After Petitioner was sentenced, Scott testified that he did not have the opportunity to speak with Petitioner right after the hearing. Once the Judgment and Commitment was filed, Scott sent Petitioner a copy of that document with a letter outlining the terms of his sentence, which included a 240 month prison term and a restitution requirement in excess of $51 million. (Doc. No. 153, Ex. 1.) In the letter, Scott further explained that as a matter of law, he could file a notice of appeal, and that the notice would have to be filed by April 24, 2019. (Id.) Scott informed Petitioner that while he was obligated to file the notice at Petitioner's request, Scott was not obligated to pay the $455 filing fee. (Id.) Scott further explained that while he could file a Notice of Appeal, Petitioner had agreed to an appeal waiver in his Plea Agreement if he was sentenced to 240 months or less. As Petitioner did not move to withdraw his guilty plea, and because Petitioner was sentenced within a properly calculated sentencing range, Scott informed Petitioner it was likely the appeals court would enforce the waiver. (Id.)

Scott further testified that he met with Petitioner on April 18, 2019 at the Sherburne County Jail, during which time they discussed whether Scott should file a notice of appeal as part of a discussion as to whether Petitioner should make a request under the prisoner transfer treaty as Petitioner was a dual citizen of Italy and Brazil. Scott explained that Petitioner could not make that request until after his legal remedies had run out, including his appeal. Scott explained that filing an appeal would delay his ability to make the prisoner transfer request. Petitioner had indicated that he wanted to know more from someone familiar with the prisoner transfer process in Brazil, and what effect filing a notice of appeal would have on his transfer request to Brazil. Therefore, at the end of this meeting, Petitioner had not made a final decision as to whether he wanted Scott to file a notice of appeal. Instead, Petitioner asked Scott to contact his wife, so she could find out whether filing an appeal, that he would likely lose, would make any difference if he transferred to Brazil. Scott did so by email and attached the letter he had previously sent to Petitioner. (Doc. No. 153-1, Ex. 2.) Petitioner's wife responded the same day, stating she would contact someone in Brazil. (Id. Ex. 3.)
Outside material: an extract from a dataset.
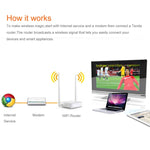 Tenda N301 Wireless N300 Router mit einfacher Einrichtung, Geschwindigkeit bis zu 300 Mbit/s, N301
Scott testified that on April 24, 2019, the deadline for filing a notice of appeal, he had not heard back from Petitioner or his wife as to whether to file the notice, so he sent Petitioner's wife an email inquiring as to Petitioner's decision. In the email he further explained that if Petitioner wanted to appeal, that she should let him know immediately, and that Petitioner was responsible for the $455 filing fee. (Id. Ex. 4.) Scott also asked to be informed of whether Petitioner had decided not to file a notice of appeal. (Id.)

Later that same day, Petitioner's wife responded by email, stating she had not heard anything from Brazil, but that she was going to talk with Petitioner later that day. (Id.) That same night, Petitioner's wife emailed Scott informing him that Petitioner had decided not to file a notice of appeal. (Id. Ex. 5.) Because Petitioner never affirmatively told Scott to file a notice of appeal, and because his wife confirmed that Petitioner did not want to file a notice of appeal, Scott did not file such a notice.

On cross-examination, Scott confirmed that he did not inform Petitioner that if he qualified for a court-appointed lawyer, that the filing fee would be waived. Scott further testified that while the Court ordered him to file a notice of appeal at the sentencing hearing, the Court did not have the right to direct him to file such an appeal unless his client wanted him to do so.

Petitioner did not testify at the evidentiary hearing.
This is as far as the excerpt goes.